Nigeria in recessione
A causa del calo del prezzo del petrolio e della recessione economica provocata dal Covid-19, la Nigeria è ufficialmente entrata in recessione. Questa è la seconda volta in quattro anni. Il crollo del mercato petrolifero mondiale ha avuto un impatto pesante sull’economia del Paese più popoloso dell’Africa (oltre 200 milioni di abitanti). Il prezzo del greggio che all’inizio di gennaio 2020 si aggirava sui 69 dollari al barile è crollato ad aprile fino a 11 dollari, vale a dire sottocosto, per risalire agli attuali circa 43 dollari, ma le prospettive per il 2021 non sono rosee, anche nel caso che la pandemia di Covid-19 regredisca grazie ai nuovi vaccini.
Prima della diffusione della pandemia, la Banca Mondiale e il Fmi prevedevano che nei prossimi cinque anni la Nigeria avrebbe creato milioni di posti di lavoro.
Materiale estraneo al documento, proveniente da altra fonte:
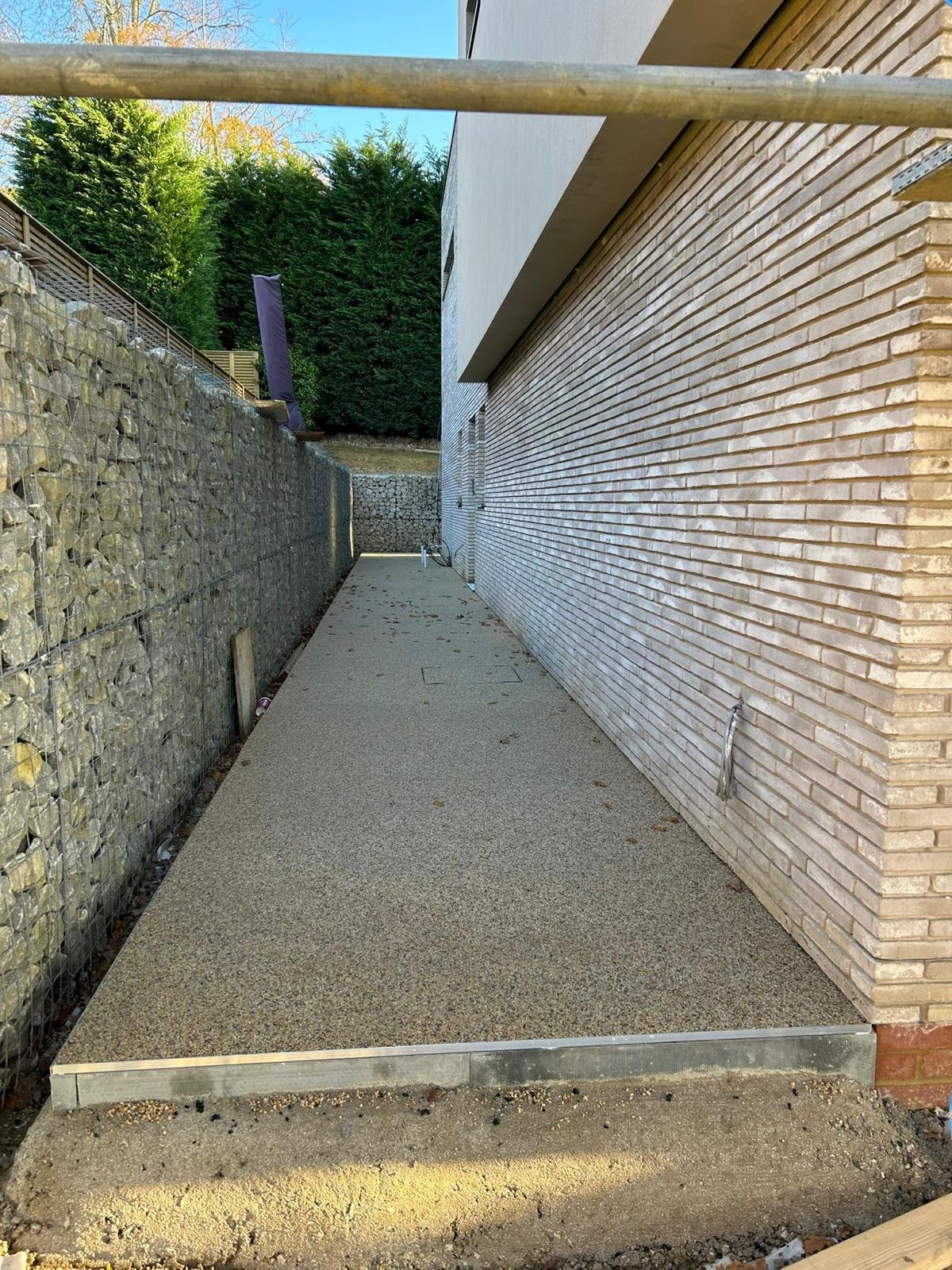 Golden resin bound side path between brick and stone walls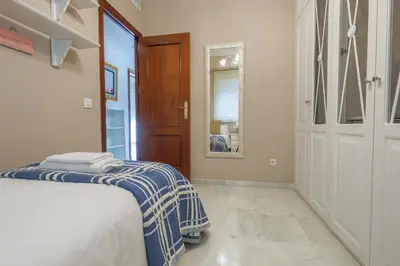 Cama o camas de una habitación en Descanso-elegancia en Sevilla Parking Gratuito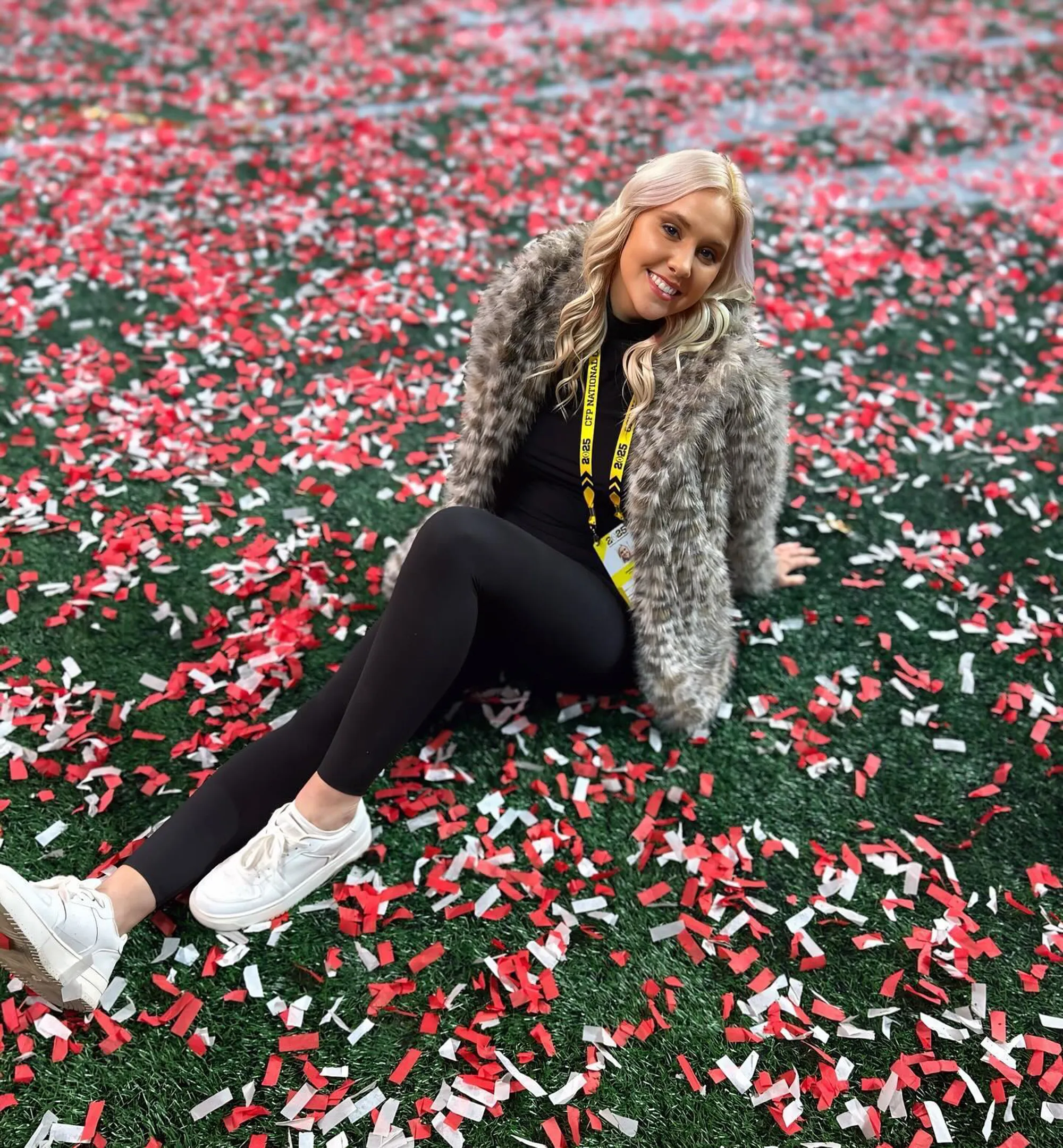 Crissy Froyd sitting on a field of red and white confetti.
Negli ultimi anni, infatti, il Paese ha avuto una crescita complessiva del Pil di oltre il 7%. Al settore trainante, quello petrolifero, si stavano affiancando altri settori, come il commercio e le telecomunicazioni. Eppure, con una contraddizione tipicamente africana, la disoccupazione interna si aggirava lo scorso anno intorno al 23% e il tasso di povertà non era lontano dal 60%.
Il Pil della Nigeria, che resta il più grande paese produttore di petrolio del continente, si è contratto nel terzo trimestre 2020 del 3,62%, dopo che era già diminuito del 6% nel trimestre precedente. Lo ha comunicato sabato 21 novembre il portavoce del Bureau of Statistics nigeriano. «Nei primi nove mesi del 2020, il Pil complessivo è quindi sceso del 2,48%», ha aggiunto. A causa del calo di prezzo del petrolio e della contrazione della domanda, la Nigeria ha deciso di ridurre la sua produzione di greggio da 2 a 1,4 milioni di barili al giorno. Il Bureau of Statistics ha attribuito questa decisione anche all’impatto negativo sull’economia mondiale dell’epidemia da coronavirus, che come noto ha provocato anche la riduzione drastica dei consumi energetici.
In effetti, anche la stessa economia interna nigeriana ha subito una flessione a causa della crisi da Covid-19. All’inizio del secondo trimestre di quest’anno, il governo ha imposto misure quali la limitazione dei movimenti tra gli stati che compongono la Federazione nigeriana, la chiusura di scuole e imprese. Misure che hanno rallentato l’economia portando il calo dell’attività non petrolifera a meno 6,05% alla fine del secondo trimestre. Una flessione che è continuata nel terzo trimestre di un ulteriore 2,51%.
Una situazione catastrofica per le casse dello Stato, per le quali il petrolio rappresenta comunque circa la metà delle entrate, e per il settore privato, la cui attività dipende in gran parte dalle importazioni, che sono in difficoltà.
Il Fondo monetario internazionale ha previsto nel 2020 un calo del Pil della Nigeria del 5,4%, ma il Governo e la Banca Centrale nigeriana stanno considerando che la contrazione potrebbe arrivare al 8,9%. Anche se la Banca nigeriana prevede una ripresa già nel primo trimestre 2021, una recessione di questa entità non si verificava da almeno 40 anni.
Nel tentativo di far fronte alla crisi, le autorità sono intervenute per rimuovere parte degli storici sussidi sul prezzo della benzina e consistenti riforme delle norme relative all’industria petrolifera sono sul tavolo. Nonostante tutto, però, il presidente nigeriano, Muhammadu Buhari, ha presentato il 19 novembre scorso all’Assemblea nazionale un piano preventivo di investimenti per il 2021 del valore di 13.080 miliardi di naira (28,9 miliardi di euro), vale a dire un budget superiore di circa il 20% a quello presentato lo scorso anno. «Generare reddito è la nostra sfida principale», ha affermato il presidente. Naturalmente occorre trovare i fondi per finanziare un piano così ardito. Lo stato dovrà chiedere prestiti alle istituzioni finanziarie internazionali se vuole attuare questo budget, e prevederne le coperture.
Per ora, il Fondo monetario internazionale (Fmi) ha approvato, ad aprile scorso, un piano di finanziamento di emergenza per sostenere la lotta contro la pandemia in Nigeria, per un importo di 2,9 miliardi di euro.